If roads were built on a free-market, with a diversity of competing builders and owners who had self-interest at their heart, we would have much safer roads, and with far fewer potholes. Why? Simple: You have two roads you can take. The first is a road built and owned by company A, who has a time-tested reputation for good quality roads, and safe rules and regulations for their use. Not rules based on politics, but based on science and accident prevention. Their speed limits, use of signs, and other safety rules and devices are determined largely by an analysis of accidents, use of statistics, and a little motivation from insurance companies, who are more than willing to lower their premiums for a more safety-minded road owner. Road B is built by a firm with a horrid reputation, run by incompetent and corrupt businessmen who resemble politicians more than anyone else. It is statistically more dangerous in use, its poor maintenance and potholes cause more damage to your car, and the rules that govern its use (set by the property owner) are frankly insane. Which road will you choose? Which company will prosper, and which will soon go out of business? On a free market, the answer is obvious. Under a government system, Road B and its company continue to prosper, for the simple reason that they don’t ask you which road you want to patronize. They just point a gun at your face and take your money. On a competitive free market, road owners and managers would constantly look for ways to improve the safety and efficiency of their roads, and successful experiments would be emulated by their competitors, rapidly spreading the implementation of innovative ideas. One way funds could be raised is subscriptions.

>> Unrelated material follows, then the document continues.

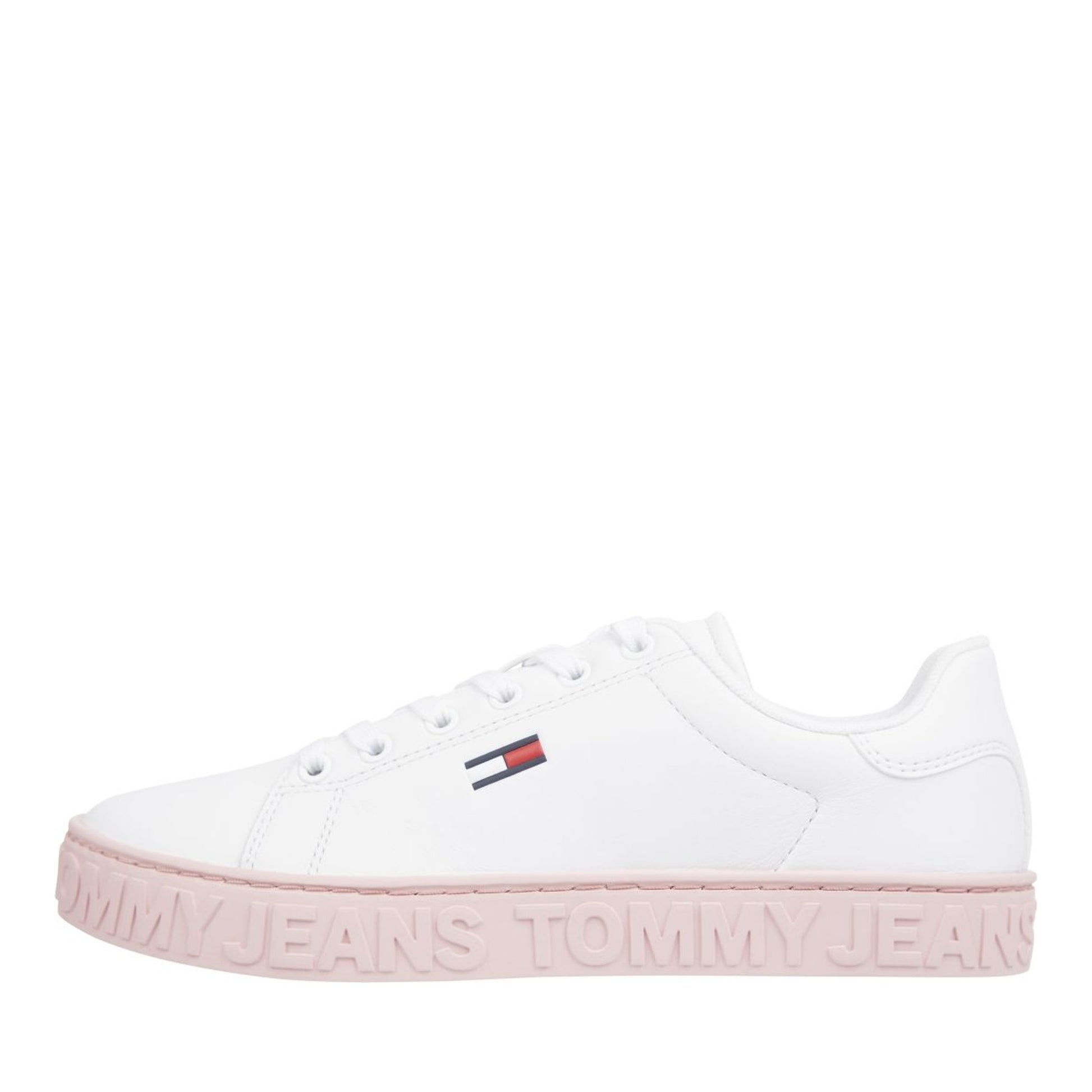 Women's Pink Cool Athletic Sneakers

Road owners could charge a one-time fee for use of their road (such as by using tolls, or cameras photographing license plates and sending bills to their owners), or they could use the far more efficient subscription method. Using it, a driver can pay a yearly, monthly, or other fee and have access granted to the road for a period of time. To make things even easier, there are likely to be road networks, in which road owners enter their roads into a single network, and they are then paid a share of the subscription fees based on use of their roads. Subscribers could attach small electronic devices to their cars, which would be scanned at regular intervals to allow passage. Although advancements in technology are opening up new ways with which to make roads that much more efficient, a tried and tested low-tech method used for hundreds of years has been turnpike roads and trusts. I’m curious whether “Which road network are you subscribed to?” will become a standard question on insurance forms for car drivers – so you will have an additional monetary self-interest in choosing safer roads.
Now for a mental experiment, try to extrapolate the kind of reasoning above to all the other goods and services you may think cannot be provided without a government.